_PROBLEM DETAILS_: Output everything in the data exactly, leaving the pictures out.

_INPUT FOR THIS TASK_:
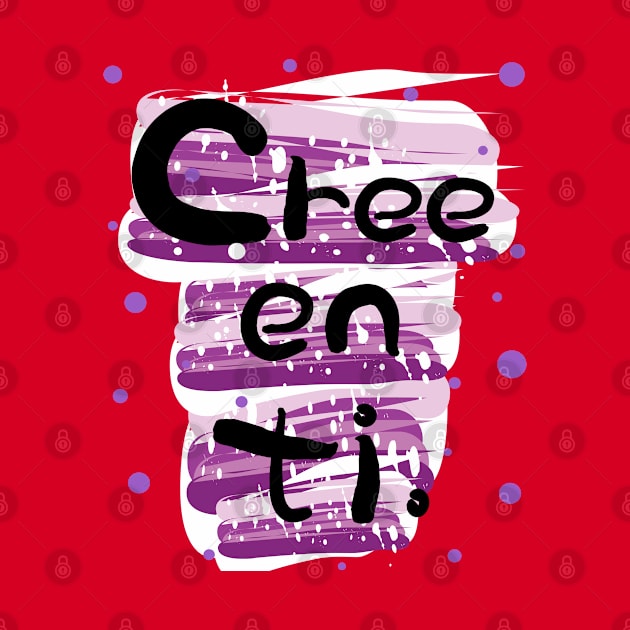 Cree en ti by CindyS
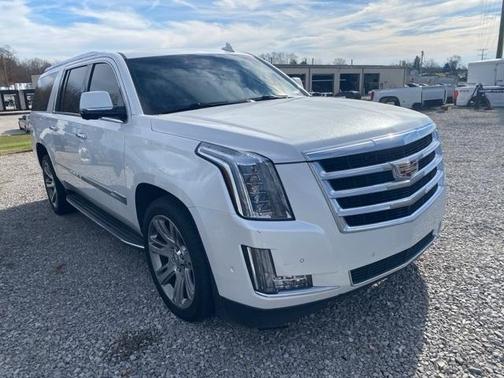 2018 Cadillac Escalade ESV Luxury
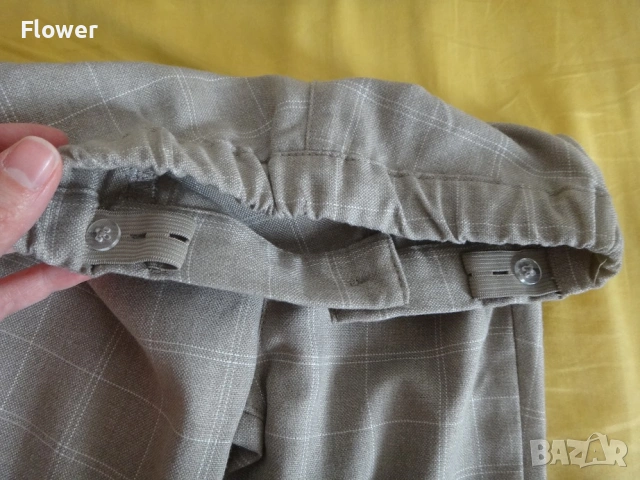 H&M Официален кариран комплект от 4 части, размер 92, за 2 годишно, снимка 12 - Комплекти за бебе - 53259309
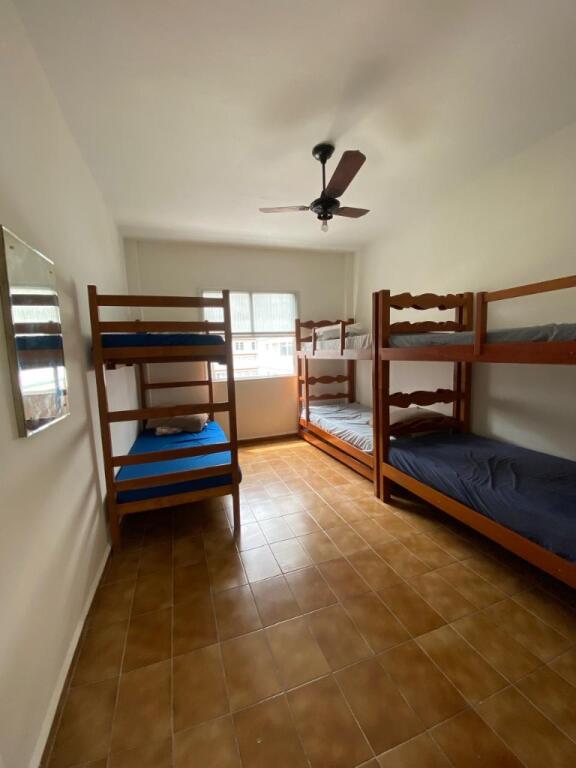 Apartamento com 2 quartos e 60 m² em Vila Caiçara, Praia Grande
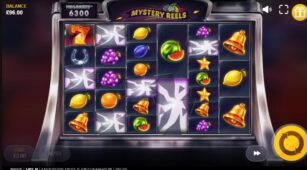 Mystery Reels Megaways demo play free 1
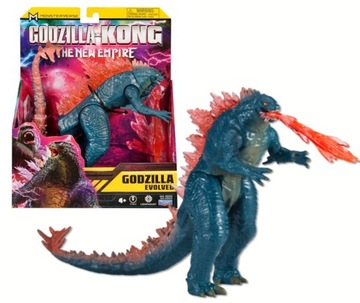 Godzilla X Kong Figurka Godzilla Evolved 15cm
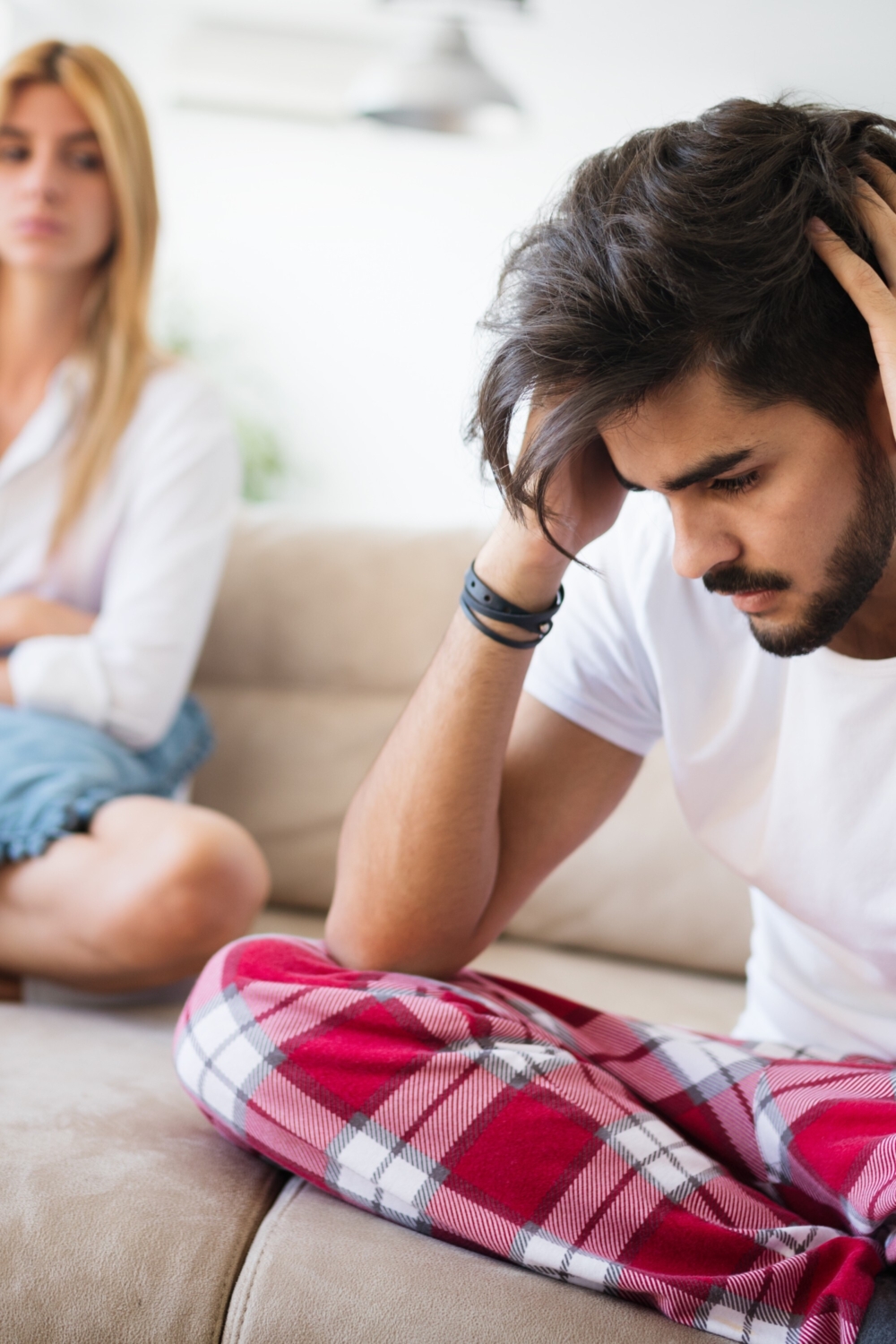 Anorgasmia disfunzione sessuale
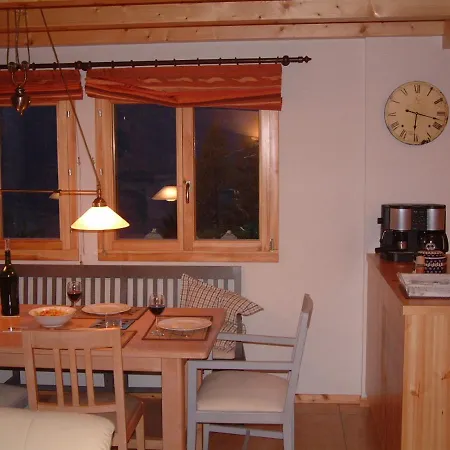 Chalet Mirabelle - Einzelchalet In Traumlage Les Collons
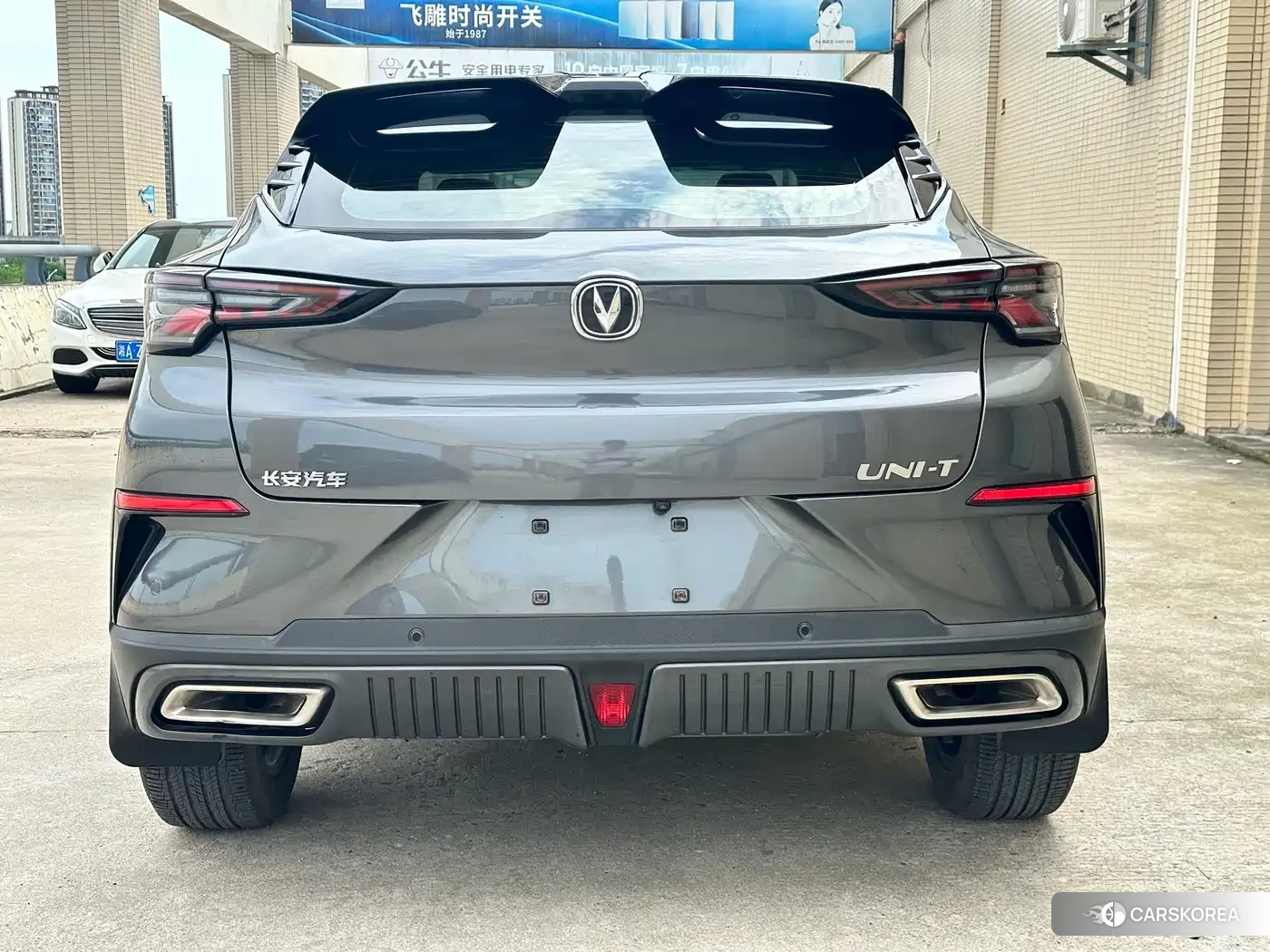 Chang'an UNI-T id 4627992 из Китая 8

_OUTPUT FOR THIS TASK_:
 Cree en ti by CindyS
 2018 Cadillac Escalade ESV Luxury
 H&M Официален кариран комплект от 4 части, размер 92, за 2 годишно, снимка 12 - Комплекти за бебе - 53259309
 Apartamento com 2 quartos e 60 m² em Vila Caiçara, Praia Grande
 Mystery Reels Megaways demo play free 1
 Godzilla X Kong Figurka Godzilla Evolved 15cm
 Anorgasmia disfunzione sessuale
 Chalet Mirabelle - Einzelchalet In Traumlage Les Collons
 Chang'an UNI-T id 4627992 из Китая 8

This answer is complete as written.